Hier, pendant une discussion sur un autre sujet, est arrivé un débat sur la liberté aux USA.

Un individu (américain) dans la conversation expliquait qu’il était devenu récemment paranoïaque, qu’il avait peur qu’on s’en prenne à sa personne (il habite à proximité d’une des écoles victime d’une fusillade il y a quelques années). Et à ma suggestion de déménager dans un autre pays, il m’a indiqué que l’idée pourrait lui convenir à partir du moment où je lui donnerai le nom d’un pays où la liberté prend “au moins” un sens aussi large qu’aux USA.

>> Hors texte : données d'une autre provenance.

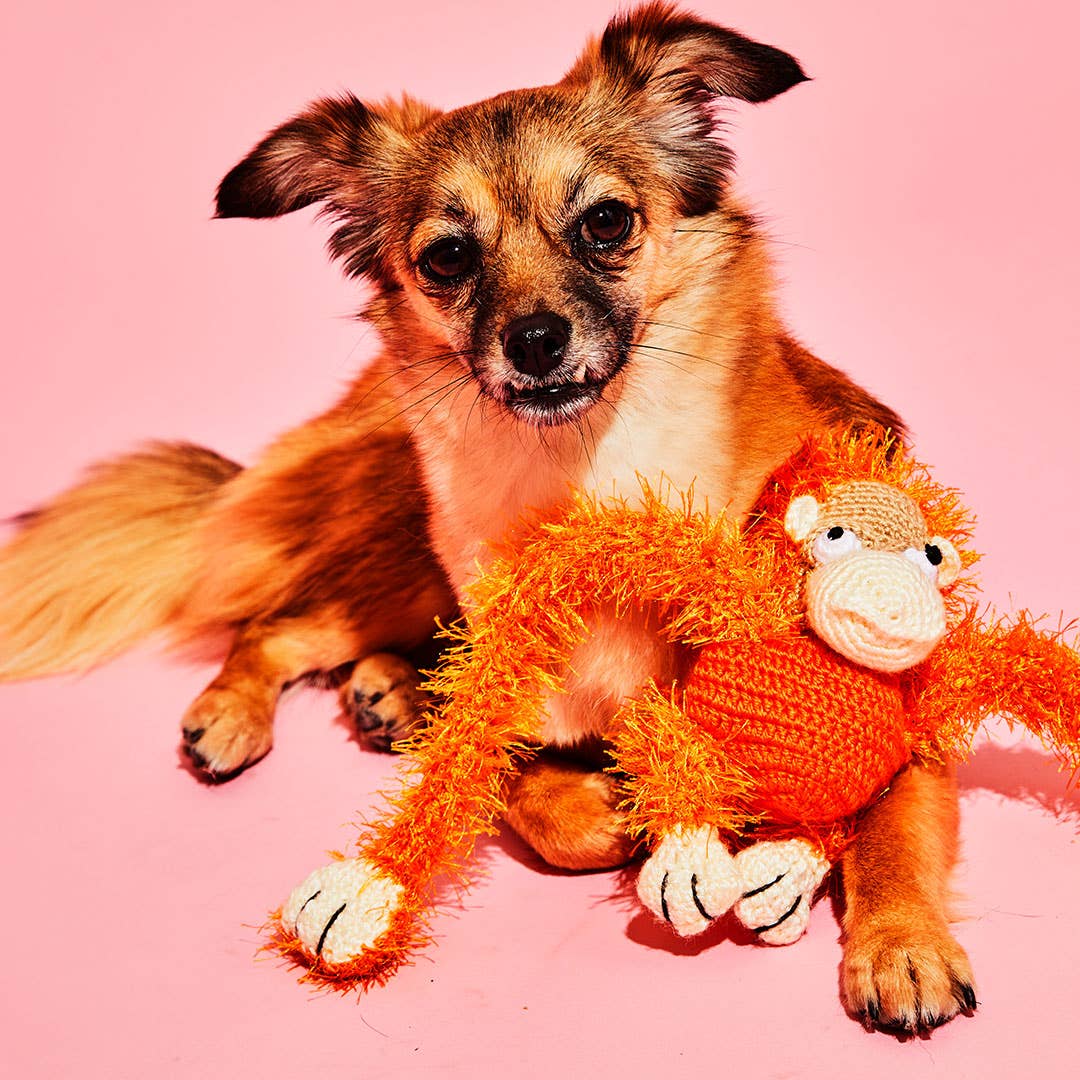 Hand Crochet Monkey Dog Toy - Image 2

À ma demande de précisions, il m’a indiqué que pour lui, il est une nécessité minimale d’avoir le droit de porter une arme à feu sur soi et d’avoir le droit de l’utiliser en cas de légitime défense, ainsi que de disposer d’une police qui travaille autant à la protection de l’individu et des biens qu’à la poursuite des criminels (i.e. autant à la prévention qu’à la rétribution).

Déjà, cela a fait naître en moi une interrogation majeure : vivons-nous dans un monde où il y a matière à se faire du souci relativement à son intégrité corporelle, en tout cas suffisamment pour considérer le port d’une arme à feu comme une nécessité ? Est-ce que le danger est partout (et nous viverions dans une illusion de sécurité), où est-il réservé à certaines zones (par exemple le lieu de résidence de l’individu sus-mentionné) ?

Je ne me suis jamais considéré en danger, et j’avoue que je serais bien désemparé si un parfait inconnu se présentait devant moi en exprimant sa claire intention de porter atteinte à mon intégrité corporelle (ou ma liberté de mouvements). Mais est-ce qu’une arme à feu est le meilleur moyen de défense ?

Si on part du principe que la défense doit être individuelle, mon interlocuteur me disait avec justesse que les arts martiaux, malgré leur style et leur efficacité, ne sont efficaces que lorsqu’on est en bonne condition physique, ce qui n’est pas donné à tout le monde en toutes occasions. Par ailleurs, ça ne défend qu’une seule personne. Quant aux autres accessoires désorientants, comme la bombe lacrymogène ou la décharge éléctrique, ils ne sont que de courte durée.

Je n’ai pas trop d’opinion là-dessus. Par contre, je pense plutôt qu’il ne devrait pas y avoir besoin de défense individuelle, et qu’il devrait exister des méta-défenses qui inhiberaient les intentions de « l’assaillant. » Hélas, cela n’existe pas matériellement, et je ne suis pas sûr que les manipulations psychologiques en lesquelles je crois soient efficaces contre toute forme de violence.

En d’autre termes, je suis faible. En fait, c’est très simple de me tuer. Et au cours de la discussion, il m’est apparu que c’est beaucoup plus simple de me tuer que de tuer d’autres personnes.

Plus tard dans la conversation, mon interlocuteur a tenté de m’expliquer qu’un État n’existe que pour assoir son pouvoir. C’est-à-dire qu’un État n’existe que pour défendre les citoyens contre leurs ennemis et contre eux-même, en se réservant toutes les formes de pouvoir. Celui de bloquer les individus, d’en disposer et de disposer de la matière en toutes circonstances et pour tout motif arbitraire. Pour résumer, selon lui « la politique est essentiellement le contrôle du pouvoir. »

J’ai bien tenté de lui expliquer que d’après moi, sa vision des choses est la vision d’un américain, et qu’il était difficile pour moi humble étranger de dissocier son avis de ce que je sais de la politique générale des États-Unis. Hélas, il semblerait qu’il était relativement bien documenté sur la question d’étendre ses définitions à l’extérieur de son pays, et force m’est de reconnaître que je ne le suis pas ; il m’a donc fallu méditer sur une généralisation de ses dires.

J’en viens à penser que ce serait un bon moyen d’expliquer pourquoi je n’arrive pas à m’intéresser à la politique, en fin de compte.